Aggregators

Based on the Hazelcast MapReduce framework, Aggregators are ready-to-use data aggregations. These are typical operations like sum up values, finding minimum or maximum values, calculating averages, and other operations that you would expect in the relational database world.

Aggregation operations are implemented, as mentioned above, on top of the MapReduce framework and all operations can be achieved using pure MapReduce calls. However, using the Aggregation feature is more convenient for a big set of standard operations.

Aggregations Basics

This section will quickly guide you through the basics of the Aggregations framework and some of its available classes. We also will implement a first base example.

Aggregations are available on both types of map interfaces, com.hazelcast.core.IMap and com.hazelcast .core.MultiMap, using the aggregate methods. Two overloaded methods are available that customize resource management of the underlying MapReduce framework by supplying a custom configured com.hazelcast.mapreduce.JobTracker instance. To find out how to configure the MapReduce framework, please see the JobTracker Configuration section. We will later see another way to configure the automatically used MapReduce framework if no special JobTracker is supplied.

To make Aggregations more convenient to use and future proof, the API is heavily optimized for Java 8 and future versions. The API is still fully compatible with any Java version Hazelcast supports (Java 6 and Java 7). The biggest difference is how you work with the Java generics: on Java 6 and 7, the process to resolve generics is not as strong as on Java 8 and upcoming Java versions. In addition, the whole Aggregations API has full Java 8 Project Lambda (or Closure, JSR 335) support.

For illustration of the differences in Java 6 and 7 in comparison to Java 8, we will have a quick look at code examples for both. After that, we will focus on using Java 8 syntax to keep examples short and easy to understand, and we will see some hints as to what the code looks like in Java 6 or 7.

The first example will produce the sum of some int values stored in a Hazelcast IMap. This example does not use much of the functionality of the Aggregations framework, but it will show the main difference.

IMap<String, Integer> personAgeMapping = hazelcastInstance.getMap( "person-age" );
for ( int i = 0; i < 1000; i++ ) {
  String lastName = RandomUtil.randomLastName();
  int age = RandomUtil.randomAgeBetween( 20, 80 );
  personAgeMapping.put( lastName, Integer.valueOf( age ) );
}

With our demo data prepared, we can see how to produce the sums in different Java versions.

Aggregations and Java 6 or Java 7

Since Java 6 and 7 are not as strong on resolving generics as Java 8, you need to be a bit more verbose with the code you write. You might also consider using raw types, but breaking the type safety to ease this process.

For a short introduction on what the following code example means, look at the source code comments. We will later dig deeper into the different options.

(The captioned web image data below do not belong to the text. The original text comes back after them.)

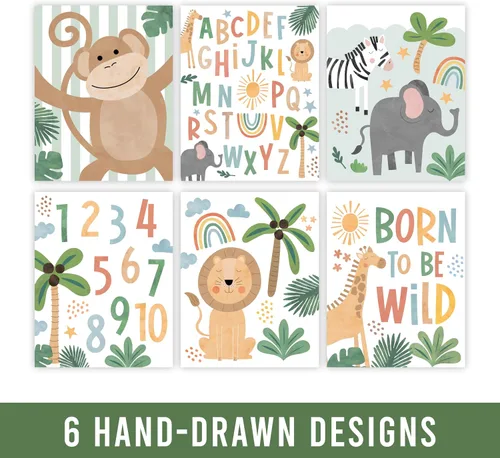 Miniatura 2 de Hadley Designs 6 decoraciones de pared de safari para guardería, decoración de guardería sin marco, decoraciones de selva para habitación de niños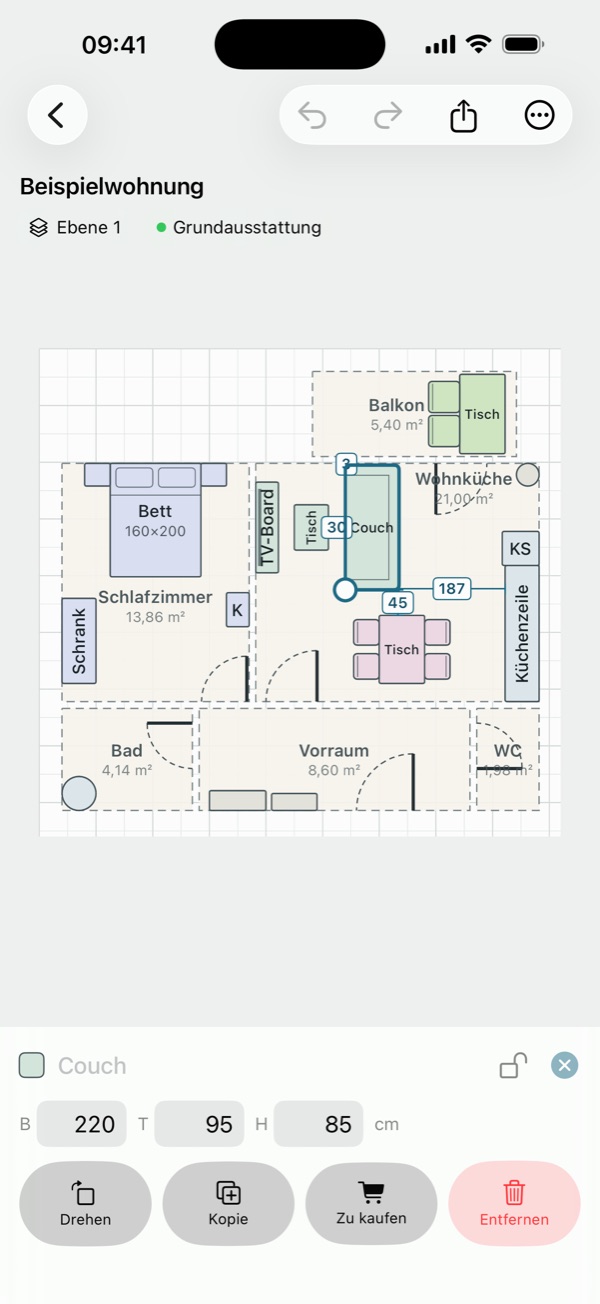 Raumplan: eine Couch im Grundriss ausgewählt, mit Breite, Tiefe und Höhe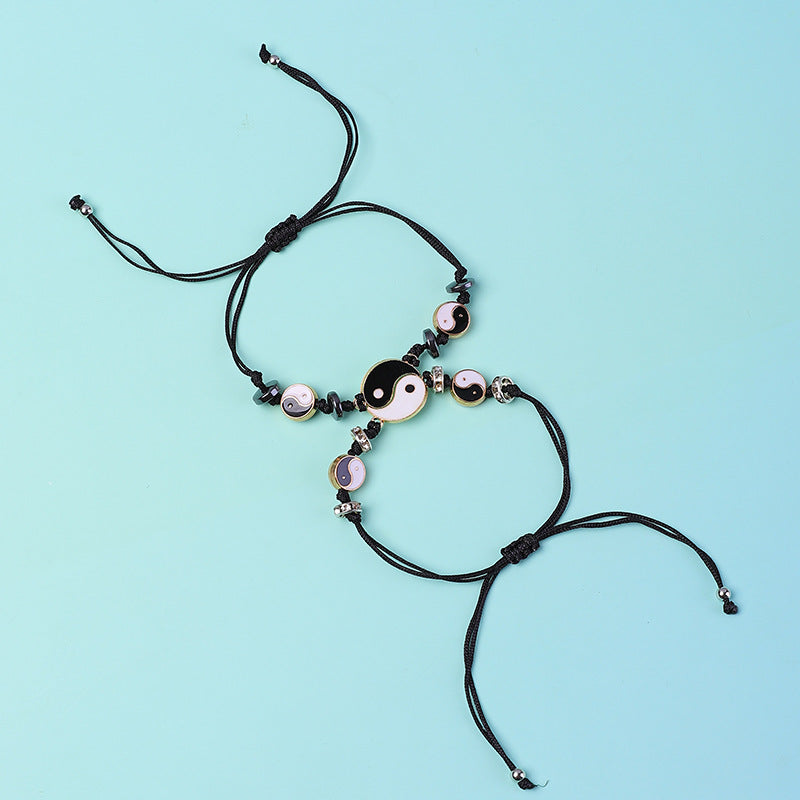 Unisex Yin Yang Hematite Couple Bracelets for Balance & Focus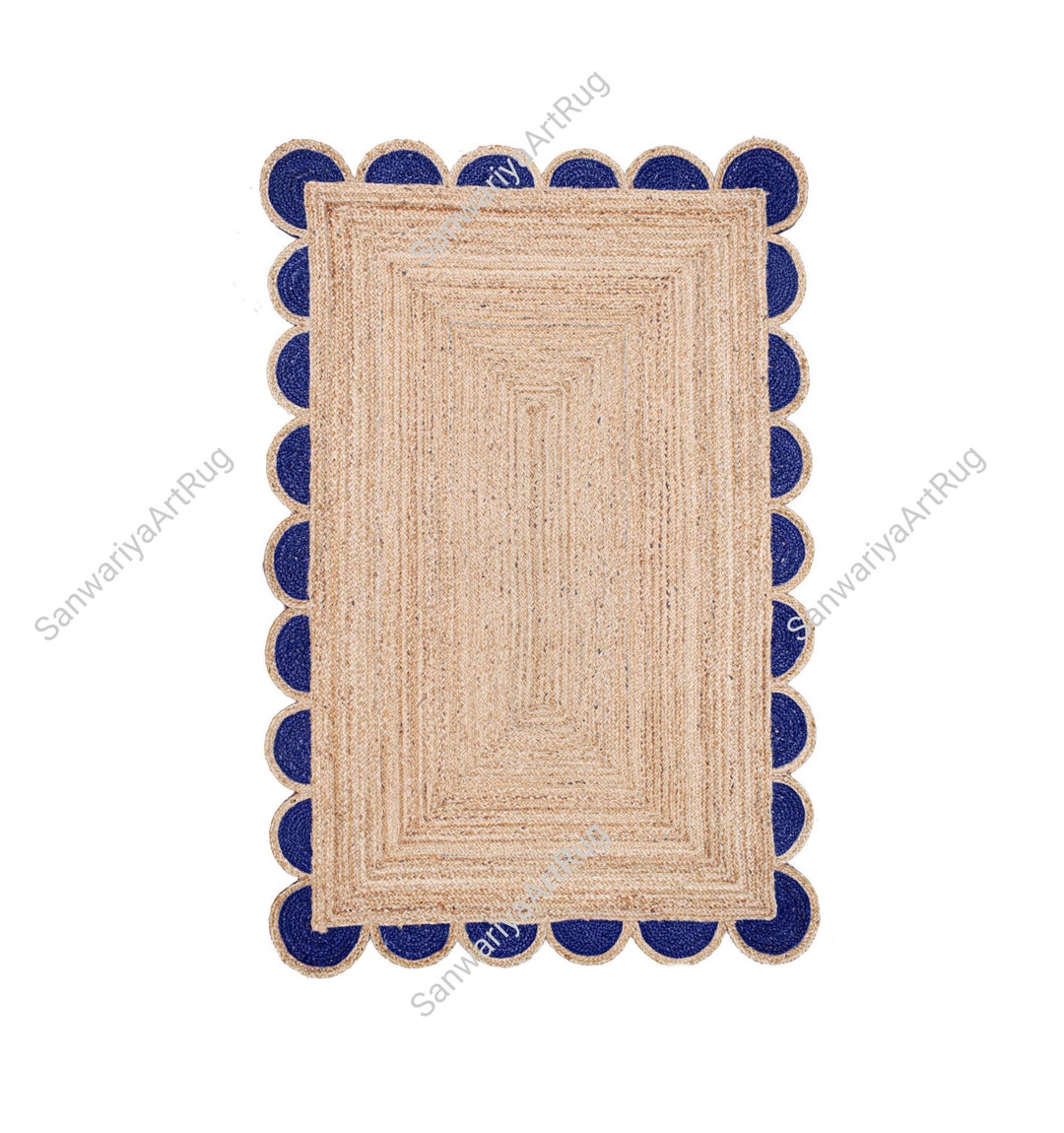 Jute Rug Runner | Colorful Jute Border Rug | Striped Area Rug ...
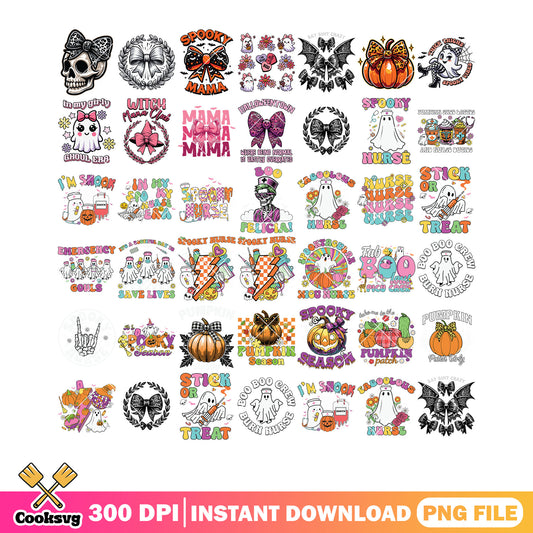 Nightmare halloween png bundle, jack o lantern png, skull skeleton png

// No filter applied, select all entries
Supplier<String, Integer, Integer> supplier = Supplier.all();
// Choose the sum aggregation
Aggregation<String, Integer, Integer> aggregation = Aggregations.integerSum();
// Execute the aggregation
int sum = personAgeMapping.aggregate( supplier, aggregation );

Aggregations and Java 8

With Java 8, the Aggregations API looks simpler because Java 8 can resolve the generic parameters for us. That means the above lines of Java 6/7 example code will end up in just one easy line on Java 8.

int sum = personAgeMapping.aggregate( Supplier.all(), Aggregations.integerSum() );

Quick look at the MapReduce Framework

As mentioned before, the Aggregations implementation is based on the Hazelcast MapReduce framework and therefore you might find overlaps in their APIs. One overload of the aggregate method can be supplied with a JobTracker which is part of the MapReduce framework.

If you implement your own aggregations, you will use a mixture of the Aggregations and the MapReduce API. If you will implement your own aggregation, e.g. to make the life of colleagues easier, please read the Implementing Aggregations section.

For the full MapReduce documentation please see the MapReduce section.